(Stored entries)
- - -

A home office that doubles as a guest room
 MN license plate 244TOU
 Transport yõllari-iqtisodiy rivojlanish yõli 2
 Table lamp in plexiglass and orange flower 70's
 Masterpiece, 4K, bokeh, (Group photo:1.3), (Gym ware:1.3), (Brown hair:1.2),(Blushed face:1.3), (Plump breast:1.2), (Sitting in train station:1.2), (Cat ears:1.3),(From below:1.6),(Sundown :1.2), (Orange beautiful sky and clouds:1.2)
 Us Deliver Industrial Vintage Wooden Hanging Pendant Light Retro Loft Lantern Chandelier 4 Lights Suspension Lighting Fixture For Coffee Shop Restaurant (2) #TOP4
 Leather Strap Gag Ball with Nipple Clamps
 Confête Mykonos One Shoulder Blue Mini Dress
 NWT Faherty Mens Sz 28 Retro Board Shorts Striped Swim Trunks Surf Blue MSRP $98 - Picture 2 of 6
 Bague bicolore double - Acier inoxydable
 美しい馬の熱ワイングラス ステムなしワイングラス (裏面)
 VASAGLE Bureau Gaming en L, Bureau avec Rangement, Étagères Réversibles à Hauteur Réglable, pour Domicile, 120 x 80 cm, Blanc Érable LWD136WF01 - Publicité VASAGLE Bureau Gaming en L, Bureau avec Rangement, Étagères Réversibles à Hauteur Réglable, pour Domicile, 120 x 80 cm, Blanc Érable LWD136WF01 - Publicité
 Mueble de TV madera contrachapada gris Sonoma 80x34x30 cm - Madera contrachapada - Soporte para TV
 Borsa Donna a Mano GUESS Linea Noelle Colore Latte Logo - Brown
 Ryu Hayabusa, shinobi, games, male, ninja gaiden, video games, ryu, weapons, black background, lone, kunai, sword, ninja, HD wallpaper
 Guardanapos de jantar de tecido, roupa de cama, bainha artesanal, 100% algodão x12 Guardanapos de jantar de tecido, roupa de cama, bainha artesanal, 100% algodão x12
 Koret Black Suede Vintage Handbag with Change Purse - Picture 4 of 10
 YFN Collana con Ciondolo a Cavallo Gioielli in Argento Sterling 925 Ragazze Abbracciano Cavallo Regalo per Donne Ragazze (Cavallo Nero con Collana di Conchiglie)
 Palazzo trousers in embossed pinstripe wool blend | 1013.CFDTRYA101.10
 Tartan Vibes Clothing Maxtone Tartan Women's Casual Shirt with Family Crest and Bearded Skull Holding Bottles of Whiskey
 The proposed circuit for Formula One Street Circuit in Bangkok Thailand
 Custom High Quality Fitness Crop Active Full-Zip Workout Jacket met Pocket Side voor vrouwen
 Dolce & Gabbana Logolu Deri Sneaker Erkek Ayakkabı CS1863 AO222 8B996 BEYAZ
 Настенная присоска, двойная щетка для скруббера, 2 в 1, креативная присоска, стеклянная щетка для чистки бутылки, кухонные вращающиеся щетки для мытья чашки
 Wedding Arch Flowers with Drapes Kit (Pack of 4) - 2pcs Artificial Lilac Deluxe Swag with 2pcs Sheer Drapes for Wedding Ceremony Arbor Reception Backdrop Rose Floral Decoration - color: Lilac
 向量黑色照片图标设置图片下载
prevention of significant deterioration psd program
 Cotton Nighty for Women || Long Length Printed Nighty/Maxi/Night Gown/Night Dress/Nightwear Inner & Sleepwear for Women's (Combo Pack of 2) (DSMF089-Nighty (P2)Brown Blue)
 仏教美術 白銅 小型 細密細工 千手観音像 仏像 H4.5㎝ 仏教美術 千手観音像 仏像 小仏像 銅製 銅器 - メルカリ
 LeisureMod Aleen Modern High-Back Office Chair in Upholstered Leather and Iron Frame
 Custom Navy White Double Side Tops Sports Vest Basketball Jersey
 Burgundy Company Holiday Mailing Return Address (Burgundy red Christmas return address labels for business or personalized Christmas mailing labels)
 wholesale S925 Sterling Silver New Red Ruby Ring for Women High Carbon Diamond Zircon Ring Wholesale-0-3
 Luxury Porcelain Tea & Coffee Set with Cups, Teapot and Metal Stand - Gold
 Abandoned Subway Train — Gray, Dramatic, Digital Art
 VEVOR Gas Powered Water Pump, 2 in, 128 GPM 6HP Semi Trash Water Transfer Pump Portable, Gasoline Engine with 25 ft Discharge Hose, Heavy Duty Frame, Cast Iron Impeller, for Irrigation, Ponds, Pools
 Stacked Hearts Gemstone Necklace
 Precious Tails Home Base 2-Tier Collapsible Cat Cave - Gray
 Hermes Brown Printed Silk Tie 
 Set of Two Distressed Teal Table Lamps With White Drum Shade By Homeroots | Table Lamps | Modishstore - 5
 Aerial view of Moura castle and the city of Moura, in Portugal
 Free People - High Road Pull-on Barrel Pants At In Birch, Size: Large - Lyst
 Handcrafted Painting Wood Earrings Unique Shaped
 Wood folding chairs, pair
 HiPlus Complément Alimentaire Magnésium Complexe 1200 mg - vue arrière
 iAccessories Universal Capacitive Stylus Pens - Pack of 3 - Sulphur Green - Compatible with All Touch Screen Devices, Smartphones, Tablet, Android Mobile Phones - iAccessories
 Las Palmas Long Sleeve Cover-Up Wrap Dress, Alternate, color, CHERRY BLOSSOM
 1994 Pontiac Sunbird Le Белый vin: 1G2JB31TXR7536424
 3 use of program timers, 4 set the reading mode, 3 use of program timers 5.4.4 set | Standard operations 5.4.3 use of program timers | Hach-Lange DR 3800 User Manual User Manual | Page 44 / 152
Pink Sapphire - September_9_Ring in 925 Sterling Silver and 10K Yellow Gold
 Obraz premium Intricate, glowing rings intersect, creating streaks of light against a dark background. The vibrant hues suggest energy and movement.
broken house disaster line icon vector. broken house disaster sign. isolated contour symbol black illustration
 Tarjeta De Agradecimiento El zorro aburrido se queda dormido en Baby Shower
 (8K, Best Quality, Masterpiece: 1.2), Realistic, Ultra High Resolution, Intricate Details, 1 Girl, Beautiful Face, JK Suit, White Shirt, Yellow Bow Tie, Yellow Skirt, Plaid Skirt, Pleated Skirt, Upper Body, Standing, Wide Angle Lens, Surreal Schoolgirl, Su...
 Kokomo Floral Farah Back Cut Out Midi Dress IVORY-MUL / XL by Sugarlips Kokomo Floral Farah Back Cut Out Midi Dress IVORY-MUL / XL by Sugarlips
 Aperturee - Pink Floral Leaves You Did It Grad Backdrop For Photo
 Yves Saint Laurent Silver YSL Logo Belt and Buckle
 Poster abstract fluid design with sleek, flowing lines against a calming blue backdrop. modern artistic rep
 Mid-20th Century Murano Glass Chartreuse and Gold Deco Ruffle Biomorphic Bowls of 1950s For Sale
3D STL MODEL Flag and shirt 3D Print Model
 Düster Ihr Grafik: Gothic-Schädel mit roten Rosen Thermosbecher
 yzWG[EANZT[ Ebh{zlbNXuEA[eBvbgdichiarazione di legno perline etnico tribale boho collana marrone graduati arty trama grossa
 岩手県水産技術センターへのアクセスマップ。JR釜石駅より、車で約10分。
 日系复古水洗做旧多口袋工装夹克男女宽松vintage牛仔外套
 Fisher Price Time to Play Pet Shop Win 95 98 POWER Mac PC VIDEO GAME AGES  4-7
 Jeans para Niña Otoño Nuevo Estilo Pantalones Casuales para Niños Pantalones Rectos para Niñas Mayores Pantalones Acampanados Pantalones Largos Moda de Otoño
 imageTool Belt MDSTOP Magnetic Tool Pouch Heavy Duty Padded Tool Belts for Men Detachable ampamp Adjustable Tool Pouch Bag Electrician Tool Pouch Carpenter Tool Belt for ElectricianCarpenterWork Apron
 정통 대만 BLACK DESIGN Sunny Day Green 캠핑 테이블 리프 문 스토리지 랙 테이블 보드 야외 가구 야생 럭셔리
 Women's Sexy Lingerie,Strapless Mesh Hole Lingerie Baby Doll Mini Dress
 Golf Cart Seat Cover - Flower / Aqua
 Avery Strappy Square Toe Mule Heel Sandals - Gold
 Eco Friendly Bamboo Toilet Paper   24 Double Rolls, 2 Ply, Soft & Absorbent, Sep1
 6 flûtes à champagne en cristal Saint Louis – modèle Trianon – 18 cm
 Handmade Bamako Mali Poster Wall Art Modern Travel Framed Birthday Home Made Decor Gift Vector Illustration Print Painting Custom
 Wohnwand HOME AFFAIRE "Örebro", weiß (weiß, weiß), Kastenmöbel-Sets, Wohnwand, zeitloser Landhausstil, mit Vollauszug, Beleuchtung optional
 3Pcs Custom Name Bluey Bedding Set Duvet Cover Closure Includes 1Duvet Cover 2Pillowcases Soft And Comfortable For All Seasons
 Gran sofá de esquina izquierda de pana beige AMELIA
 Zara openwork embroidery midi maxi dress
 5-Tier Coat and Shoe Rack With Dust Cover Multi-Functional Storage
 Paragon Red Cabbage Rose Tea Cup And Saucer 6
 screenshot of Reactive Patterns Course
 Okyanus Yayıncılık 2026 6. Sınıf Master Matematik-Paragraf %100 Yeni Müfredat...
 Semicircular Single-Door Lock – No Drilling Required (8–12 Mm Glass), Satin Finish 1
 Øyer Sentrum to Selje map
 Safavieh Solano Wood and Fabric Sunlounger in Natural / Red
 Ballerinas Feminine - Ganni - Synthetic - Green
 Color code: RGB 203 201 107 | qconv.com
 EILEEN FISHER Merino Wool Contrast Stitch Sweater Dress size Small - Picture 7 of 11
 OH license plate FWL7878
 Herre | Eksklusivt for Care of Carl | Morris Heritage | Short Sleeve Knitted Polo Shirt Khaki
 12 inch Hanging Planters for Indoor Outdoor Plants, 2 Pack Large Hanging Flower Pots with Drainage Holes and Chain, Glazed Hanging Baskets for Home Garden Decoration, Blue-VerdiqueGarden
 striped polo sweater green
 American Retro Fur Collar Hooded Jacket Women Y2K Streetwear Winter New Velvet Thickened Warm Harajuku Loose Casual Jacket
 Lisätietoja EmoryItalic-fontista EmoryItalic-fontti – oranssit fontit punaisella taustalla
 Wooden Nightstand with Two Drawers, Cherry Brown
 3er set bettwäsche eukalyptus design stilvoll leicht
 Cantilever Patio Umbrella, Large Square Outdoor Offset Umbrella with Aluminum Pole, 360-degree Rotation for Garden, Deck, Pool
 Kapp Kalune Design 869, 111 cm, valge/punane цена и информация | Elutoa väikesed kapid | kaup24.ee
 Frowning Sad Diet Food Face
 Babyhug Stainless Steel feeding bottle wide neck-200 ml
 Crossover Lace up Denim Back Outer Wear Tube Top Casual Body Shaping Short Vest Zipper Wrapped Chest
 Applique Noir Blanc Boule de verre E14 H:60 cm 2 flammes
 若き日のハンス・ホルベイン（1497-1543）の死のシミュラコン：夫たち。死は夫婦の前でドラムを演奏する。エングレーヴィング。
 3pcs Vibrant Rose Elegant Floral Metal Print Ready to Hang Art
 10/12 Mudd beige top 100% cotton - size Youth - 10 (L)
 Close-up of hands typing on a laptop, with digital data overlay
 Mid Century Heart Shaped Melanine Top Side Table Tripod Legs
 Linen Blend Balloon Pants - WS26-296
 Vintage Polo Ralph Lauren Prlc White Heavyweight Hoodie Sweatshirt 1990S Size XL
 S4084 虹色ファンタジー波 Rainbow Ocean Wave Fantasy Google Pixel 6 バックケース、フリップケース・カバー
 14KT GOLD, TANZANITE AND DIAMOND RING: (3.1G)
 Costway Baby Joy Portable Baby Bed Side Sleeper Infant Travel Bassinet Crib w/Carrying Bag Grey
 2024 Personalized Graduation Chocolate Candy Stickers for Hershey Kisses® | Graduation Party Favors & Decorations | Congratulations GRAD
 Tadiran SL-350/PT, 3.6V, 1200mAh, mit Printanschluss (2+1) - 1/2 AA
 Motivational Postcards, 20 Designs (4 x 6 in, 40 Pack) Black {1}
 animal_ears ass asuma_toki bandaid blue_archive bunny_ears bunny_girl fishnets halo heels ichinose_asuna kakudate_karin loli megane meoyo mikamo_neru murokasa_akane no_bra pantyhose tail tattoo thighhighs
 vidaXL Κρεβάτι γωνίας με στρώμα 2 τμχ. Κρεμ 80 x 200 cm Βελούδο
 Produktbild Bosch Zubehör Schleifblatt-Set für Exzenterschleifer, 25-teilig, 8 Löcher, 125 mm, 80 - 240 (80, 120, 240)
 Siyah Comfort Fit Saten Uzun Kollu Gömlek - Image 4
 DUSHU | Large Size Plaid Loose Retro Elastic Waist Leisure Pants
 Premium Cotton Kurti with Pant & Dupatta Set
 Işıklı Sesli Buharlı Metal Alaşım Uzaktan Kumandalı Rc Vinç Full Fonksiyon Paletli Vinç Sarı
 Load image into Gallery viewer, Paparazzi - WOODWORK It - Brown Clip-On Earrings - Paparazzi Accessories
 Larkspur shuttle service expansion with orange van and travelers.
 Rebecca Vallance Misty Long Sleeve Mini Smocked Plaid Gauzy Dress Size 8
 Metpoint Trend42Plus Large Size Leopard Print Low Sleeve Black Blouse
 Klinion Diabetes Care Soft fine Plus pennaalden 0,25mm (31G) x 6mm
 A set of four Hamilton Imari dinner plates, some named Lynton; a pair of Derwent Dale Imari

- - -

PROBLEM REQUIREMENTS: Of the entries above, repeat exactly the lines between the line with "Tarjeta De Agradecimiento" and the line with "Mid-20th Century Murano", inclusive, and no others.

YOUR SOLUTION:
 Tarjeta De Agradecimiento El zorro aburrido se queda dormido en Baby Shower
 (8K, Best Quality, Masterpiece: 1.2), Realistic, Ultra High Resolution, Intricate Details, 1 Girl, Beautiful Face, JK Suit, White Shirt, Yellow Bow Tie, Yellow Skirt, Plaid Skirt, Pleated Skirt, Upper Body, Standing, Wide Angle Lens, Surreal Schoolgirl, Su...
 Kokomo Floral Farah Back Cut Out Midi Dress IVORY-MUL / XL by Sugarlips Kokomo Floral Farah Back Cut Out Midi Dress IVORY-MUL / XL by Sugarlips
 Aperturee - Pink Floral Leaves You Did It Grad Backdrop For Photo
 Yves Saint Laurent Silver YSL Logo Belt and Buckle
 Poster abstract fluid design with sleek, flowing lines against a calming blue backdrop. modern artistic rep
 Mid-20th Century Murano Glass Chartreuse and Gold Deco Ruffle Biomorphic Bowls of 1950s For Sale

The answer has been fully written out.